WYGO
- Madisonville, Tennessee; United States;
- Broadcast area: Sweetwater, Tennessee
- Frequency: 99.5 MHz
- Branding: Y99.5

Programming
- Format: Hot adult contemporary

Ownership
- Owner: Major Broadcasting Corporation

History
- First air date: 1993
- Call sign meaning: WhY GO anywhere else And for the station name Y 99.5

Technical information
- Licensing authority: FCC
- Facility ID: 39691
- Class: A
- ERP: 2,700 watts
- HAAT: 149 meters (489 feet)
- Transmitter coordinates: 35°31′19″N 84°27′29″W﻿ / ﻿35.52194°N 84.45806°W

Links
- Public license information: Public file; LMS;
- Website: 995wygo.com

= WYGO =

WYGO (99.5 FM, "Y99.5") is a radio station licensed to serve Madisonville, Tennessee, United States. The station is owned by Major Broadcasting Corporation.

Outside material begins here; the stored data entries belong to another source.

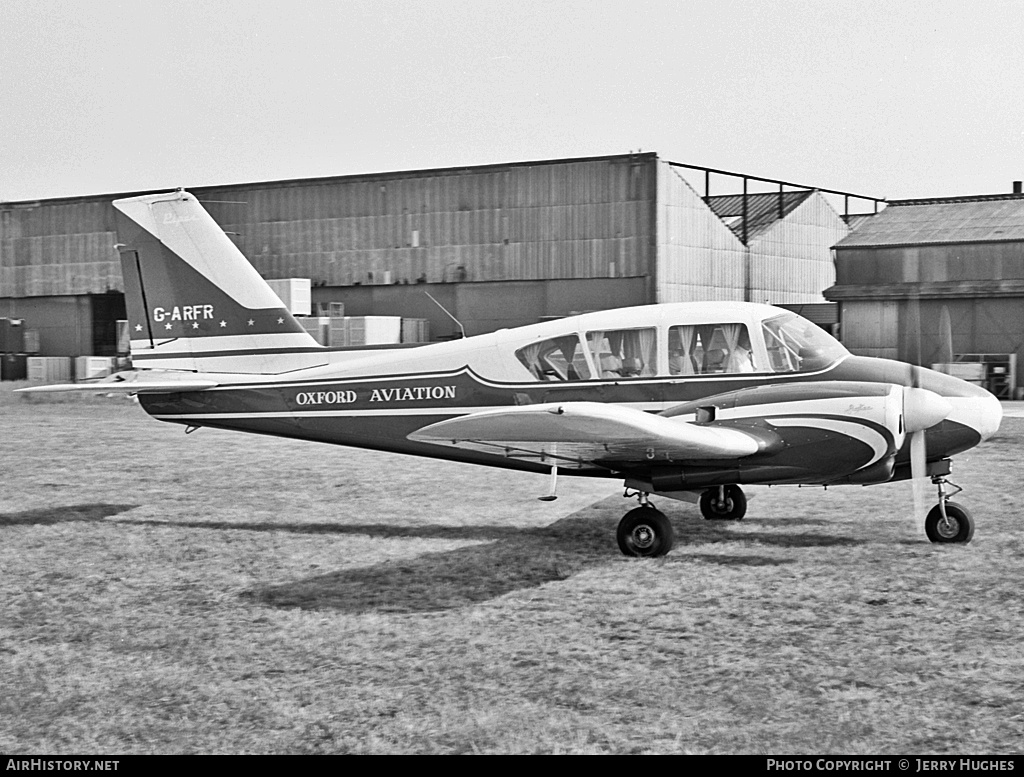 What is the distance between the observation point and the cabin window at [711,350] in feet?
34.6

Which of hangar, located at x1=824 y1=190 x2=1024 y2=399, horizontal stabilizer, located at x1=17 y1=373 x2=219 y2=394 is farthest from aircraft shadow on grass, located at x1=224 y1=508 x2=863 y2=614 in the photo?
hangar, located at x1=824 y1=190 x2=1024 y2=399

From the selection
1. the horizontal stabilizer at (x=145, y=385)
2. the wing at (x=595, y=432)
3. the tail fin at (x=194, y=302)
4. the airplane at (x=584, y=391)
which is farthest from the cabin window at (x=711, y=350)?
the horizontal stabilizer at (x=145, y=385)

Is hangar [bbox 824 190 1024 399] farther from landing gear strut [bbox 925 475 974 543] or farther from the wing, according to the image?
the wing

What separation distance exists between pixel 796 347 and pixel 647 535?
2425mm

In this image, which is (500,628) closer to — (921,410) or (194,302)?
(921,410)

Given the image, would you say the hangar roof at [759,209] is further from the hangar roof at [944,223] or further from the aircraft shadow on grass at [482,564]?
the aircraft shadow on grass at [482,564]

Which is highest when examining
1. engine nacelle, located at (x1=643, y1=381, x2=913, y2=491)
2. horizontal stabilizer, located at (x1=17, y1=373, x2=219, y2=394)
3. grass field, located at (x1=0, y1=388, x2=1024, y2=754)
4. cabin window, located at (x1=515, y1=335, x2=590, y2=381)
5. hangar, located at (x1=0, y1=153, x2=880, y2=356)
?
hangar, located at (x1=0, y1=153, x2=880, y2=356)

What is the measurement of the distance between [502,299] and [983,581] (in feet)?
96.1

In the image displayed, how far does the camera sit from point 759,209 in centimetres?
4341

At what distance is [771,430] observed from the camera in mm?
9766

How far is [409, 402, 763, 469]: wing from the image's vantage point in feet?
29.3

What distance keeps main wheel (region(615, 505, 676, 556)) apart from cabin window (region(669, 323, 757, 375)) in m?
1.63

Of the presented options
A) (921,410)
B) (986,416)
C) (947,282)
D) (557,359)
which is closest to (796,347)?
(921,410)

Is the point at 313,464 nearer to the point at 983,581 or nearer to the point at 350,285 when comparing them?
the point at 983,581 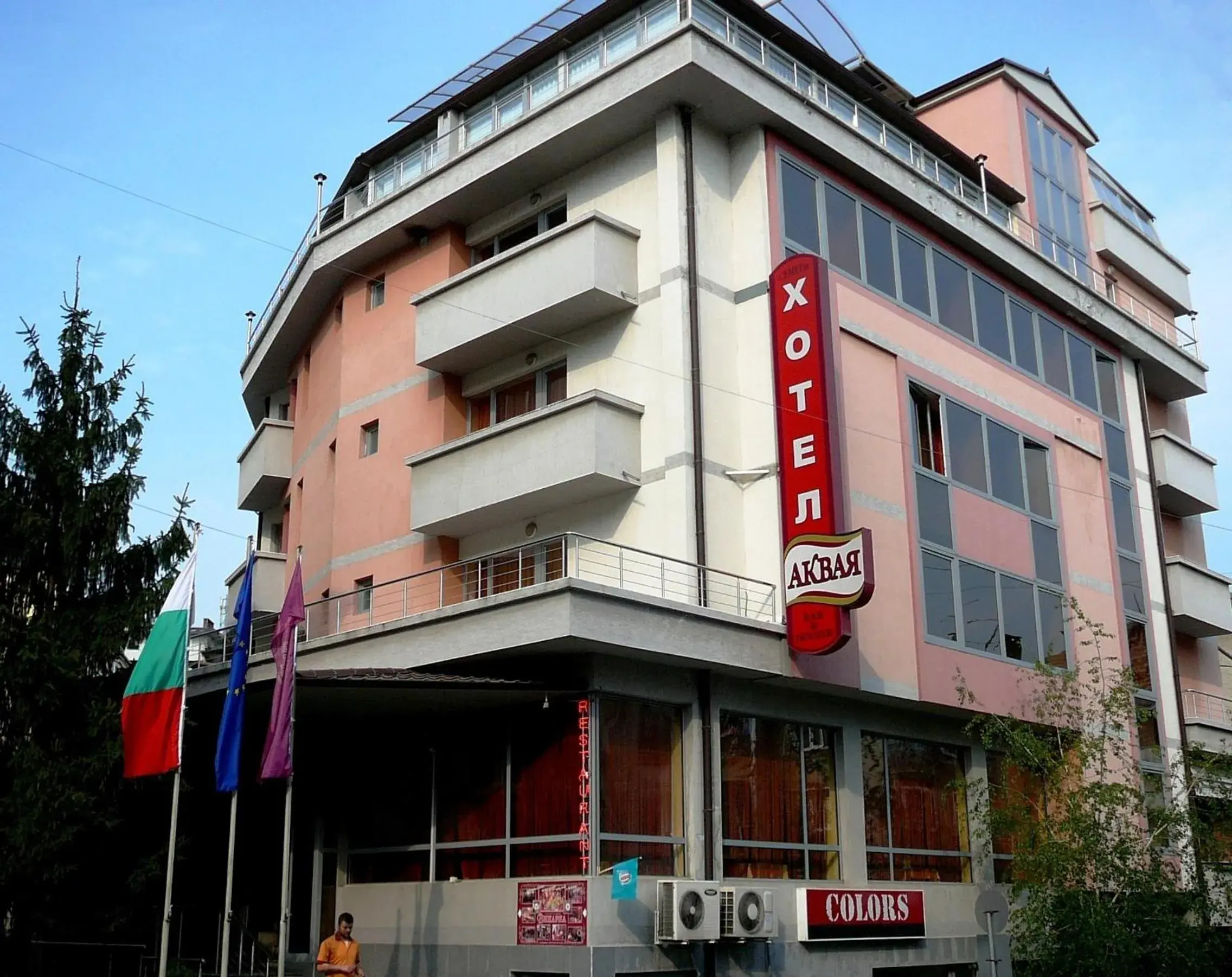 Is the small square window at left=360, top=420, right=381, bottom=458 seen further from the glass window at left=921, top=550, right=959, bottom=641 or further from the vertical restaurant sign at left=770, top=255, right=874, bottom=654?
the glass window at left=921, top=550, right=959, bottom=641

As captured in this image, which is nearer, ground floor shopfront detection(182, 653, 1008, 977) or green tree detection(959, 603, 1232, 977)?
ground floor shopfront detection(182, 653, 1008, 977)

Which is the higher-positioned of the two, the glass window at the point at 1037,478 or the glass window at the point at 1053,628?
the glass window at the point at 1037,478

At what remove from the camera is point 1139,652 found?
103ft

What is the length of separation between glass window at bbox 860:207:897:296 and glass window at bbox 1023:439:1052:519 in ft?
16.8

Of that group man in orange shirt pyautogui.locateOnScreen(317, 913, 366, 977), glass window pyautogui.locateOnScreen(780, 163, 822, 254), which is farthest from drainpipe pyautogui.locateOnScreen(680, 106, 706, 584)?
man in orange shirt pyautogui.locateOnScreen(317, 913, 366, 977)

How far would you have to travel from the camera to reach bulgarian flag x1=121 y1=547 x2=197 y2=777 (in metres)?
18.4

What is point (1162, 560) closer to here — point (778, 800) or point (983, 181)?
point (983, 181)

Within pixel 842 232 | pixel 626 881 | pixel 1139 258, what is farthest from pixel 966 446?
pixel 1139 258

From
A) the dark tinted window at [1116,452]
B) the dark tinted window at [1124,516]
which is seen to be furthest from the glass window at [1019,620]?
the dark tinted window at [1116,452]

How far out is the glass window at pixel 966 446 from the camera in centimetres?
2673

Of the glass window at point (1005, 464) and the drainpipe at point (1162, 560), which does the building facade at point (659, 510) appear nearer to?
the glass window at point (1005, 464)

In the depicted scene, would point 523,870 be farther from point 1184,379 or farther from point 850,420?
point 1184,379

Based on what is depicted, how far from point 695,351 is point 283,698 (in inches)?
348

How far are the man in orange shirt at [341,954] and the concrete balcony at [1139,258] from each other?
26.3 metres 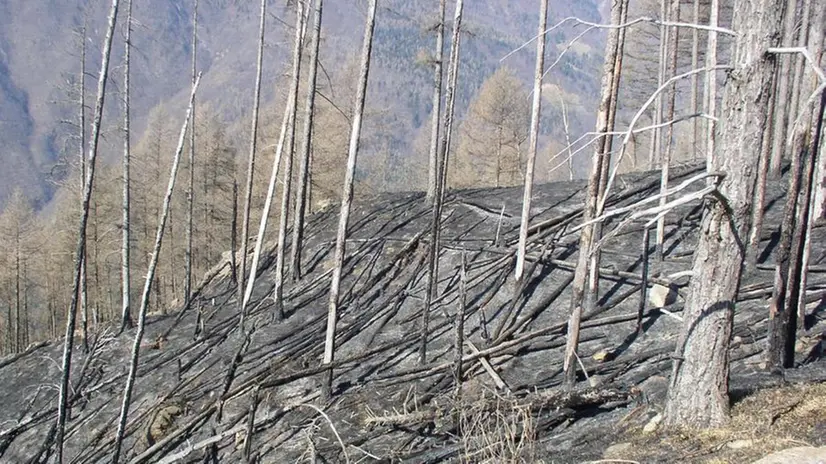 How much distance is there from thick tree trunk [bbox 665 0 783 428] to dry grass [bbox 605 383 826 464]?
0.17 meters

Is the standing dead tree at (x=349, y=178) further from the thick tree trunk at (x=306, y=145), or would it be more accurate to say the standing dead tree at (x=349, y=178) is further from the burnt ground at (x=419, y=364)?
the thick tree trunk at (x=306, y=145)

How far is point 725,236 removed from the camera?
177 inches

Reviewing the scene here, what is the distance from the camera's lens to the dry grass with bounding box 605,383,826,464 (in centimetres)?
425

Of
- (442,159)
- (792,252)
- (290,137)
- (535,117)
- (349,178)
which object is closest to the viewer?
(792,252)

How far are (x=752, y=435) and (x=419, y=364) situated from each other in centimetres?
564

It airs a hot adult contemporary music format.

The station was assigned the WYGO call letters by the Federal Communications Commission on August 9, 1991. These call letters were used on the same frequency at another station in Corbin, Kentucky, from 1978-1989 (now WKDP-FM) and at an AM station in Atlanta, Georgia from 1989-1990 (now WXJO).